Linux DAMON Proactive Reclamation and Access-Aware Memory Operations Playbook
Date: 2026-04-10
Category: knowledge
Domain: software / linux / memory management
Why this matters
Linux memory tuning often swings between two extremes:
- too reactive: you only notice trouble once reclaim, swap, or OOM behavior is already hurting tail latency;
- too blunt: you apply global knobs that know almost nothing about which memory is actually hot or cold.
DAMON matters because it gives Linux a middle path:
- low-overhead data access monitoring,
- region-based estimates of hotness and age,
- and policy hooks for access-aware actions.
The useful mental model is:
DAMON is Linux’s “watch memory access patterns first, act second” subsystem.
That makes it interesting for:
- memory-dense hosts with bursty pressure,
- caches whose cold pages linger too long,
- systems where page reclaim starts too late and gets too violent,
- NUMA or tiered-memory experiments,
- and operators who want something more informed than generic background reclaim.
It is not a magic replacement for the VM subsystem. It is a way to inject better recency/frequency information into memory decisions.
1) Quick mental model
DAMON stands for Data Access MONitoring and Access-aware System Operations.
At a high level, it does four things:
- Observes a target address space.
- Approximates access behavior by tracking regions instead of every page all the time.
- Maintains age + access-frequency signals for those regions.
- Feeds that information into actions such as page reclamation, LRU reprioritization, or other DAMOS schemes.
The key design idea is that full page-by-page observation is too expensive at scale. So DAMON uses:
- sampling intervals,
- aggregation intervals,
- bounded region counts,
- and adaptive split/merge of regions
so overhead stays controlled while the picture remains useful.
That trade-off is the whole point.
2) What DAMON is good at
Strong fits
A) Proactive reclaim before the cliff
If a machine alternates between calm periods and sudden pressure spikes, classic reclaim can wait too long and then become noisy.
DAMON is good when you want to identify memory that has been cold for a meaningful time window and reclaim it gently before the cliff.
B) Making LRU behavior more reality-based
LRU is a useful approximation, but real workloads are messy. Pages that look inactive from one signal may still matter; pages that linger on active lists may be dead weight.
DAMON can improve this by identifying hot/cold regions and using that information to promote or demote pages on LRU lists more intelligently.
C) Observation-led memory tuning
Before changing reclaim strategy, swap behavior, cache sizes, or tiering policy, DAMON can help answer:
- what is actually hot?
- what stays cold for minutes rather than milliseconds?
- how large is the real working set?
- how stable is that working set over time?

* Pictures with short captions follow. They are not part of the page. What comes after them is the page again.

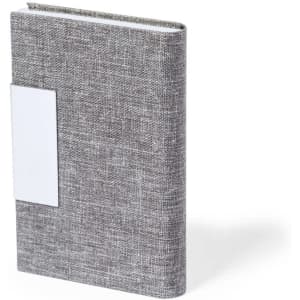 A grey fabric-covered card holder with a white branding area on the front, suitable for business cards.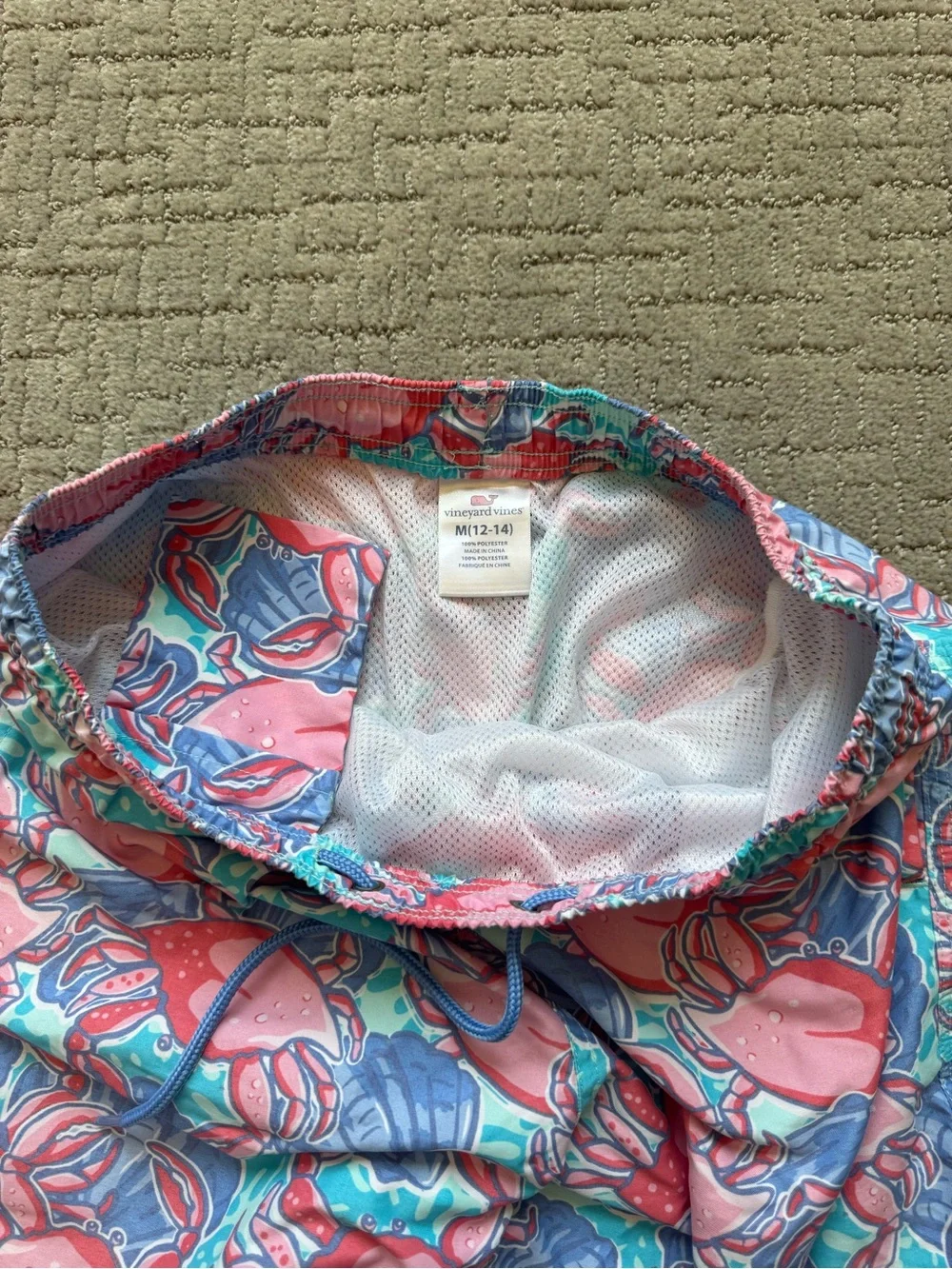 Vineyard Vines Kids Swim Trunks - Pink, Blue, Teal Crab Print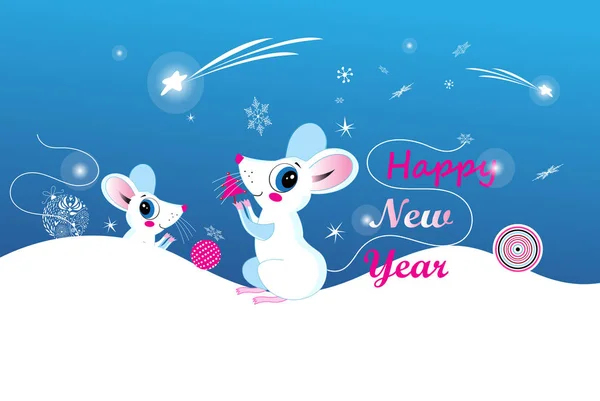 Nowy rok wektor karty okolicznościowe z zabawy mysz wakacje — Wektor stockowy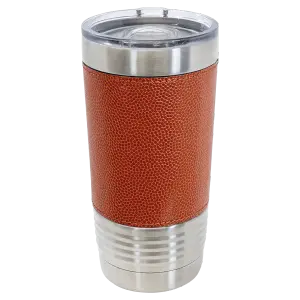 Silver 20 oz. tumbler with basketball wrap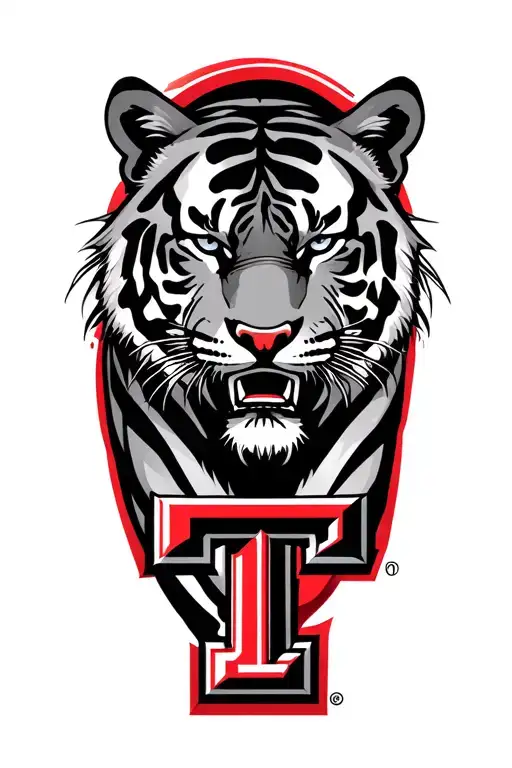 tiger and texas tech red raiders logo morphed tattoo design idea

D) Research and platform engineering
DAMON is attractive for platform teams because it is both:
- an operator tool, and
- a kernel subsystem for building more specialized access-aware policies.
Weak fits
A) Instant, per-page, zero-error truth
DAMON is approximate by design. If you need exact accounting of every access, this is the wrong tool.
B) Tiny systems with simple pressure profiles
If your box is small and its behavior is obvious, the complexity may not buy much. Traditional VM tuning may be enough.
C) Severe pressure emergencies
DAMON-based reclaim is explicitly not meant to replace regular page-granularity reclaim under real pressure. It is for selective, lightweight, proactive work.
D) One-knob miracle tuning
DAMON gives you better information and better policy hooks. It does not spare you from threshold tuning, validation, or workload-specific judgment.
3) The architecture that actually matters to operators
The official docs describe three layers:
- Operations set layer
- Core logic
- Modules
The operator version is simpler:
A) Operations sets: what address space are you watching?
DAMON supports multiple monitoring targets, including:
- vaddr: virtual address spaces of specific processes
- fvaddr: fixed virtual address ranges
- paddr: system physical memory
If you care about whole-host proactive reclaim behavior, paddr is usually the most relevant mental model. If you care about understanding one workload’s memory pattern, vaddr is often the starting point.
B) kdamond: who does the work?
Each DAMON context is executed by a kernel thread named kdamond. Think of it as the monitoring/control worker for one configured monitoring context.
C) DAMOS: what do you do with the signal?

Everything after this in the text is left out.